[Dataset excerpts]
★ ★ ★ ★
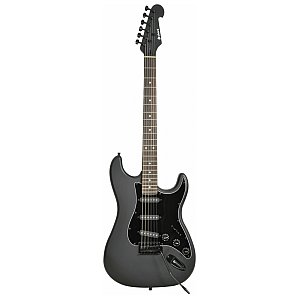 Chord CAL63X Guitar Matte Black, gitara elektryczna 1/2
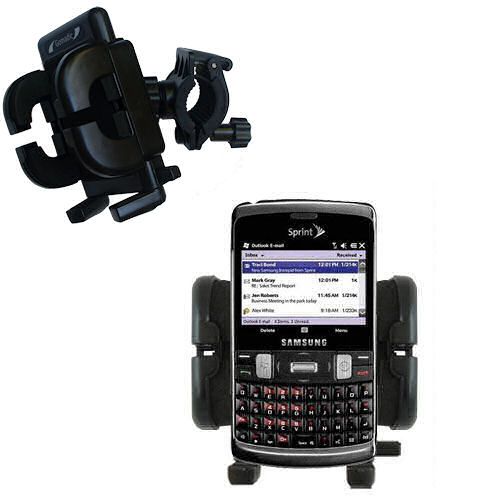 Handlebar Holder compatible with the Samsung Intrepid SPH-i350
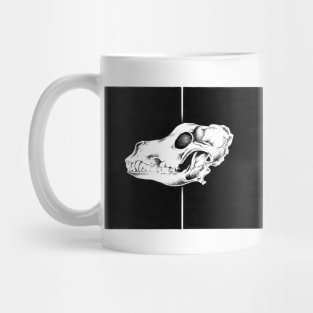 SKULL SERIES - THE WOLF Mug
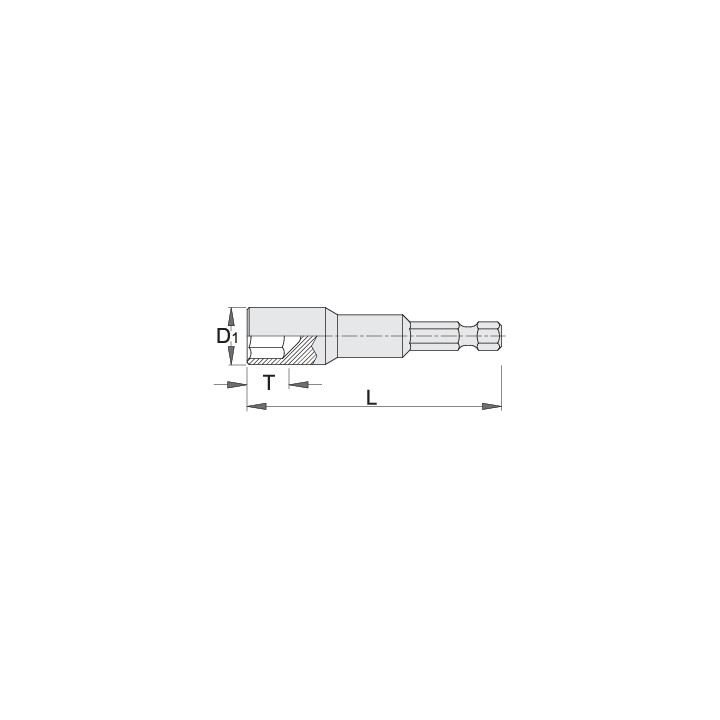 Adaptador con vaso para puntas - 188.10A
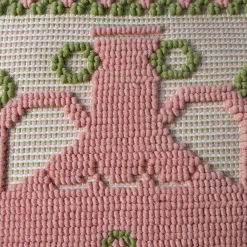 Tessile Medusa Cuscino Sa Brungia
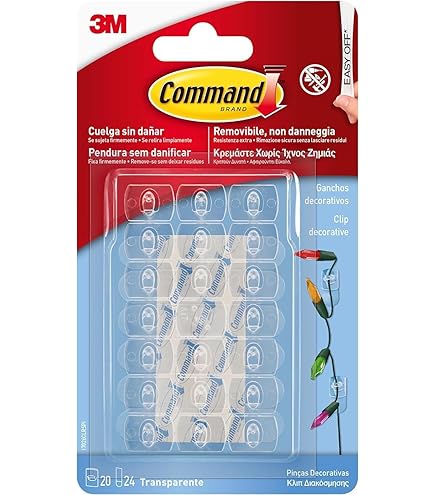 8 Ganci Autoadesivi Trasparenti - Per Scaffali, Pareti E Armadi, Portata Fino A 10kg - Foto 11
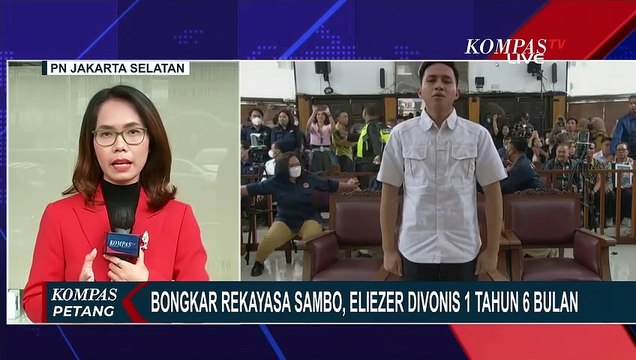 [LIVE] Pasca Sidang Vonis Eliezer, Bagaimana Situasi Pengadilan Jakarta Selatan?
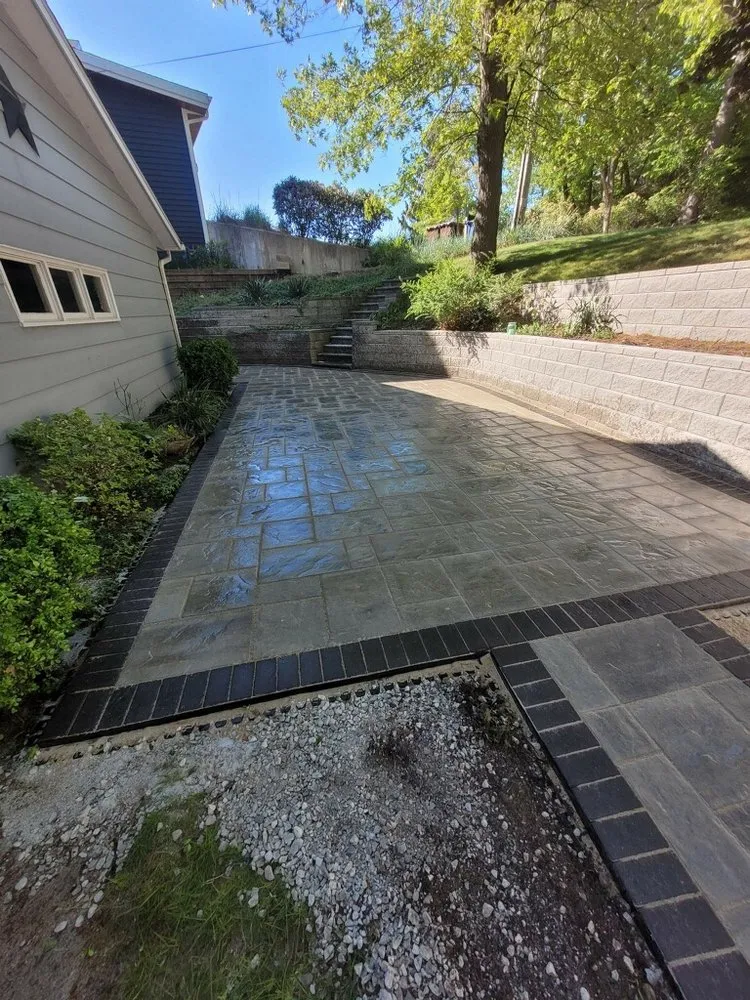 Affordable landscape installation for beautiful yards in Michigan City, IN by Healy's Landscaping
★ ★ ★ ★
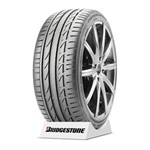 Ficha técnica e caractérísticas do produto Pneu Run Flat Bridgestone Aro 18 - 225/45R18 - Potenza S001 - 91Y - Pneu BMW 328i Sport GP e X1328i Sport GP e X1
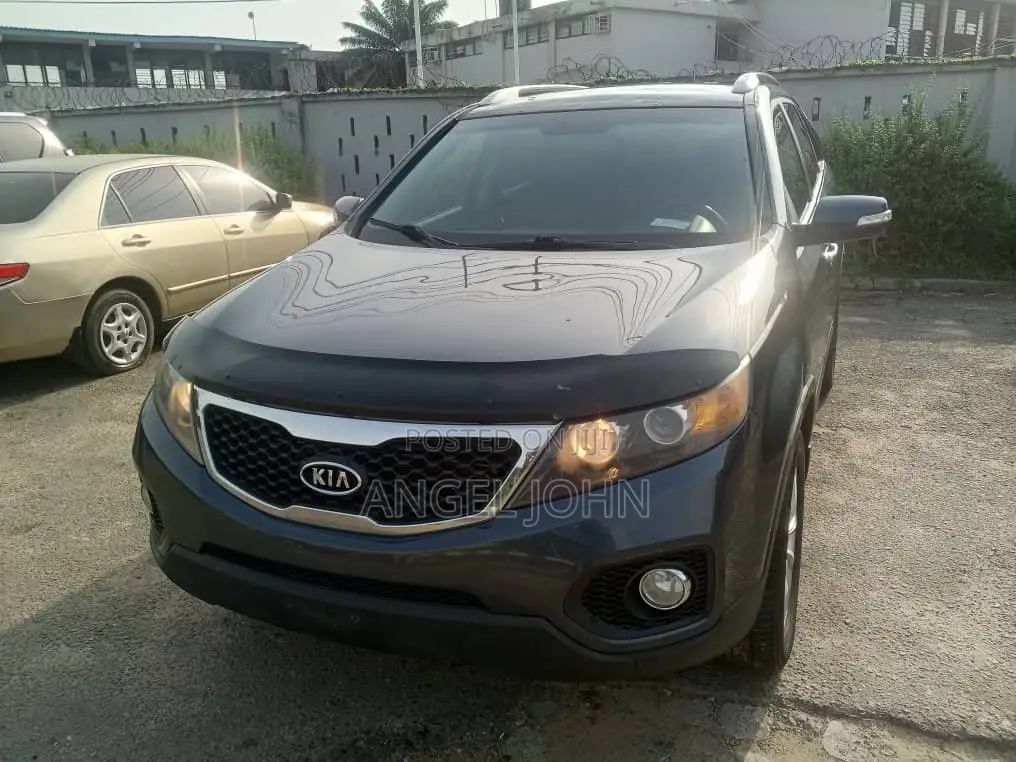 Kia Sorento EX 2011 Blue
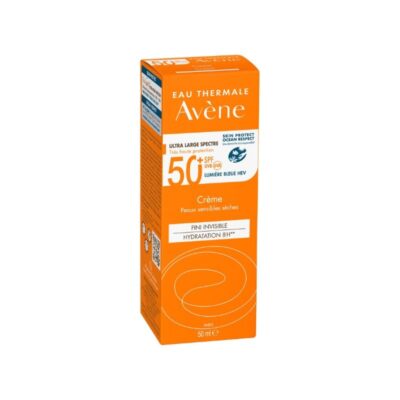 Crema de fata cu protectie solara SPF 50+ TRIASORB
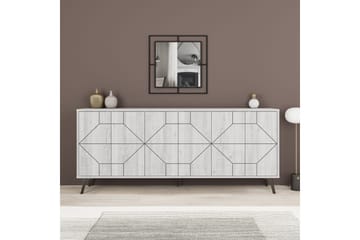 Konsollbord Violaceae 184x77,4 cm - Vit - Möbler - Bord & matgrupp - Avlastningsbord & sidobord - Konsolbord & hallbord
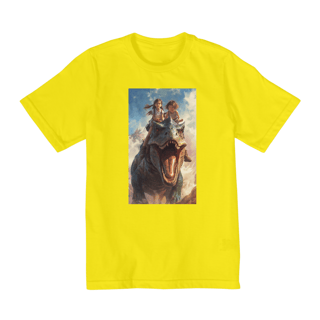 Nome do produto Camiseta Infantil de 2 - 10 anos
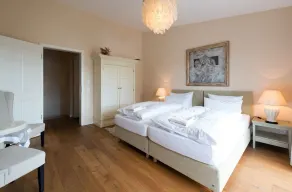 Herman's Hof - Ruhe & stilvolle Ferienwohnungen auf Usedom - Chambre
★ ★ ★ ★
> [Work to complete]: Above are the records; return the lines in them from the one with "Handlebar Holder compatible" to the one with "8 Ganci Autoadesivi", inclusive, exactly and without images.

> [Output of the exercise]:
 Handlebar Holder compatible with the Samsung Intrepid SPH-i350
 SKULL SERIES - THE WOLF Mug
 Adaptador con vaso para puntas - 188.10A
 Tessile Medusa Cuscino Sa Brungia
 8 Ganci Autoadesivi Trasparenti - Per Scaffali, Pareti E Armadi, Portata Fino A 10kg - Foto 11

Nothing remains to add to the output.